Home > Current events > Ferdinand Hodler (1853-1918)

FERDINAND HODLER (1853-1918)

FROM NOVEMBER 13 2007 TO FEBRUARY 3 2008


A major landscape painter and an unequaled portrait artist who enriched the Symbolist current while heralding Abstraction

Thunersee mit symmetrischer Spiegelung vor Sonnenaufgang / The Thoune lake, with symétrical reflexion before sunset.Oil on canvas, 89 x 100 cm. Zurich, private collection © Institut suisse pour l'étude de l'art, Zürich


This is the first exhibition dedicated to the Swiss artist in France, since the monography of the Petit Palais in 1983. Two years after the musée d'Orsay purchased one of the painter's important works, Le Bûcheron (1910), this event is pursuant of the program inaugurated by the museum in 1995 aimed at unveiling the great artists of foreign schools. The exhibition groups together 80 major paintings that cover the artist's career, starting in the middle of the 1870s up to the last landscapes in 1918: all the genres the painter experienced, whether the large compositions of symbolist figures, historic paintings, landscapes and portraits are represented. Two cabinets of graphic arts allow us to understand the creative process of this relentless drawer.
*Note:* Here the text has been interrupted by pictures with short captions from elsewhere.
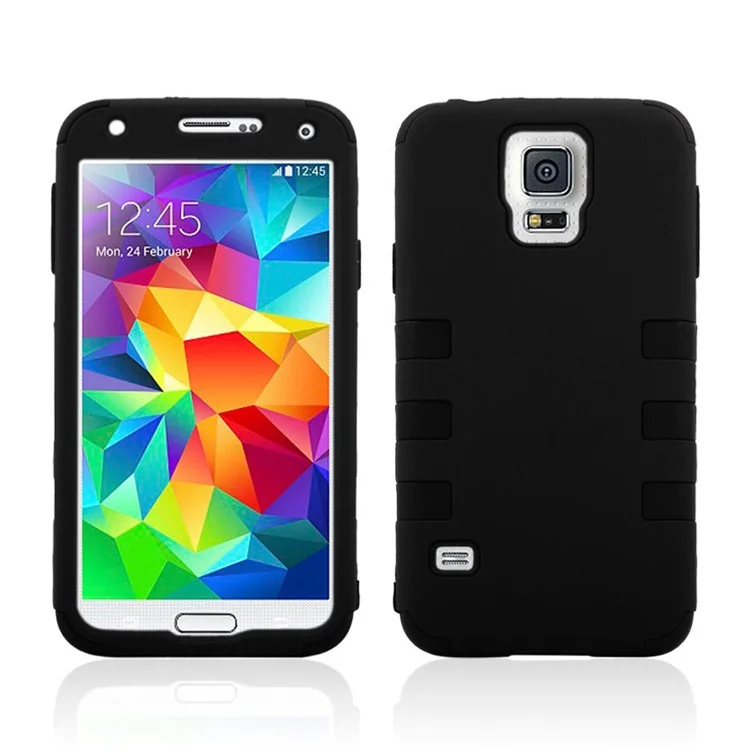 Impact Resistant Silicone + PC Hybird Case for Samsung Galaxy S5 G900 - Black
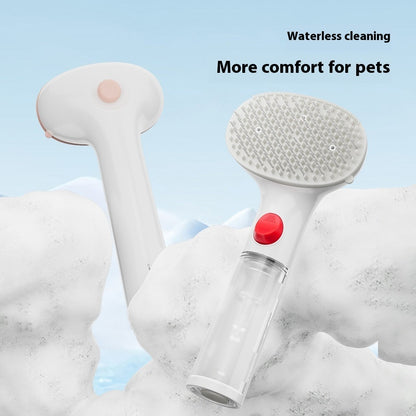 Waterless pet grooming brush, white with red button and massage bristle head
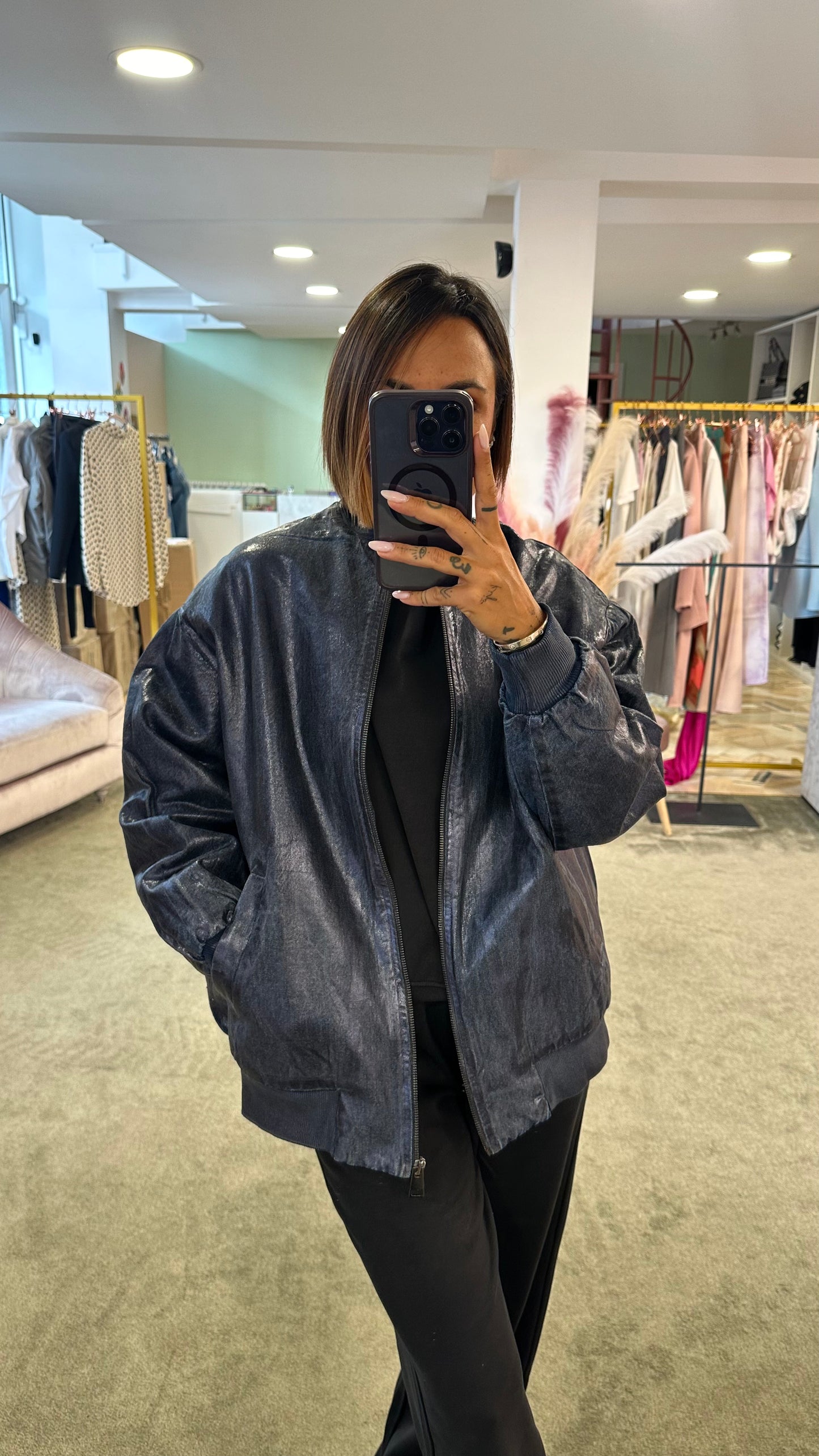 Bomber denim spalmato don't@me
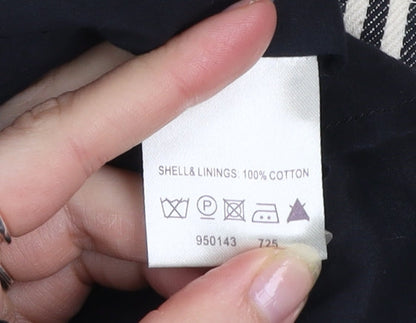 Phase Eight Womens Black White Striped Cotton Trench Coat Size 12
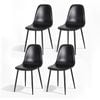 1 Set of 4 Artiss Dining Chairs PU Leather Black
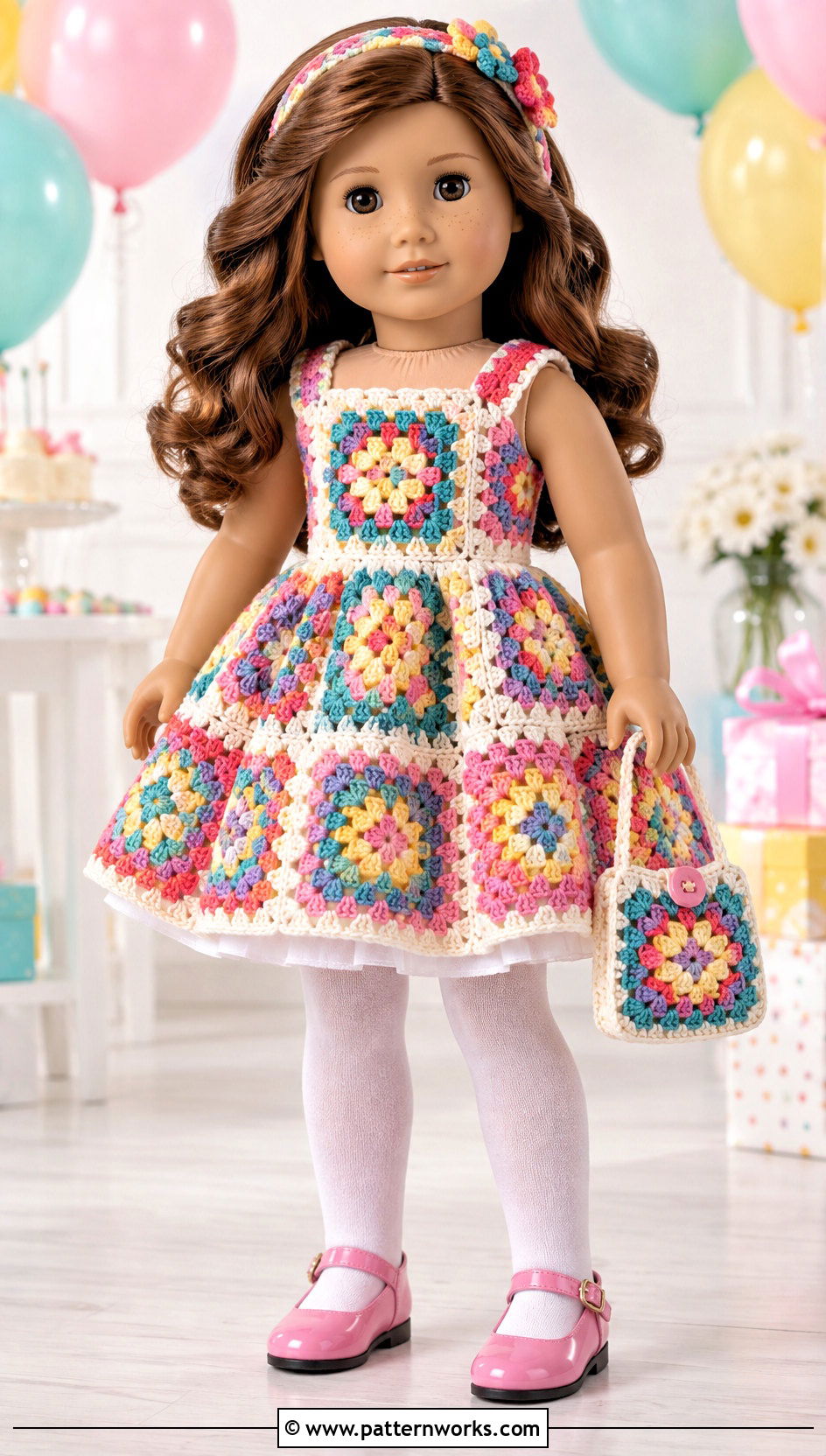 Granny Square Crochet Dress Doll Outfit - 18 Crochet Our Generation Doll Clothes and outfit ideas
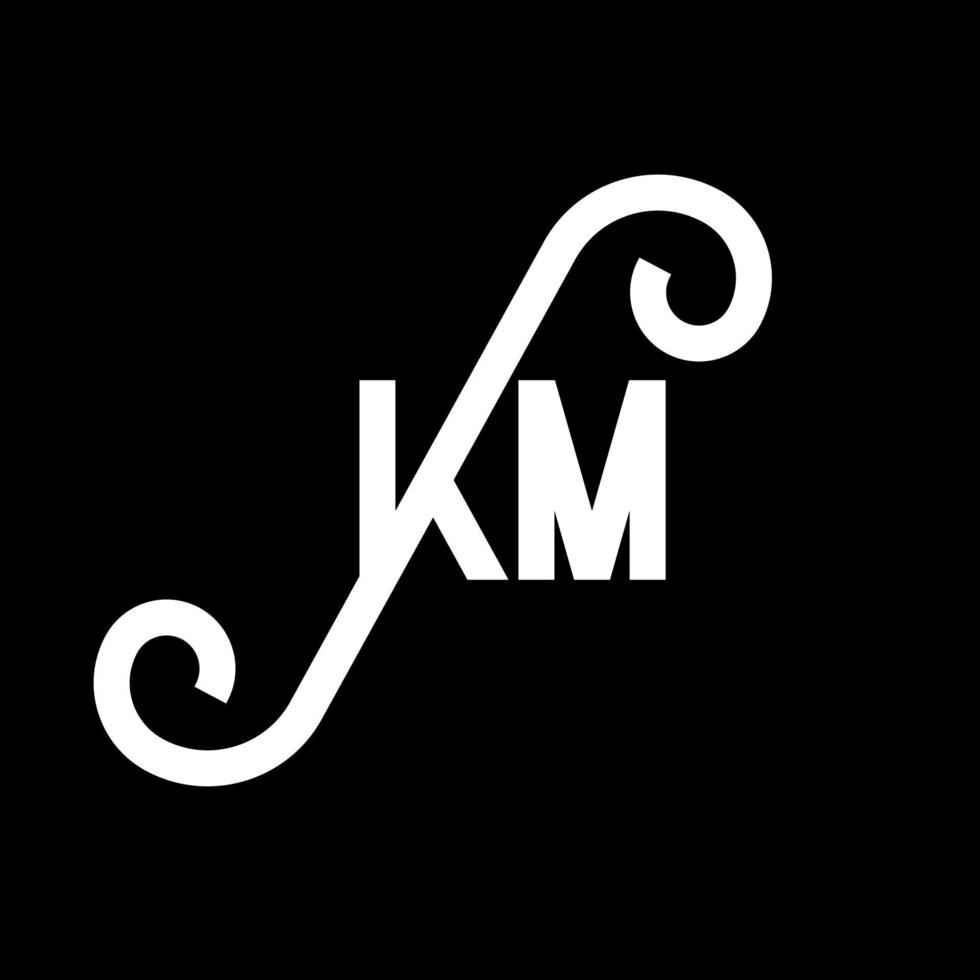 création de logo de lettre km sur fond noir. concept de logo de lettre initiales créatives km. conception de lettre km. km conception de lettre blanche sur fond noir. km, km logo vecteur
Some forty photographs, taken by close friends and in particular by Gertrud Dubi-Müller, Hodler's friend, collector and model, help us enter the painter's workshop. In order to enter a dialogue with today's art, the musée d'Orsay has invited Helmut Federle. The artist, who always recognized Hodler as one of his major sources of inspiration, placed four drawings of mountains and a monumental painting, 4.4 the distance, 2002 (private collection) in the exhibition's itinerary


An improper "Nuit"

Over the last twenty years, the studies and exhibitions dedicated to Holder have shed light on new aspects of his work. The exhibition at the musée d'Orsay has the ambition of redefining the sources and the geography of modern art and of contributing to render to Ferdinand Hodler the central place that he occupied at the heart of the European avant-gardes at the turn of the XXth century. Linked to Symbolism, Hodler was considered during his life one of the leaders of modernity, as he opened decisive ways towards abstraction as well as to Expressionism. Born in Bern in 1853, he lived in Geneva up to his death in 1918, but following difficult beginnings he accomplished a European career, punctuated with scandals and successes. As a member of the Great Sécessions, his work was acclaimed in Vienna, Berlin and Munich as of the 1900s. But it was in Paris that he was consecrated for the first time in 1891 when he presented his manifest work, La Nuit (1889-1890, Bern, Kunstmuseum) that the city of Geneva considered improper and had forbidden him to exhibit. Celebrated by Puvis de Chavannes, Rodin and the French critics, the painting launched Holder's international career and turned him into one of the major representatives of Symbolism: this key work, that never leaves the museum of Bern, is loaned exceptionally to the musée d'Orsay.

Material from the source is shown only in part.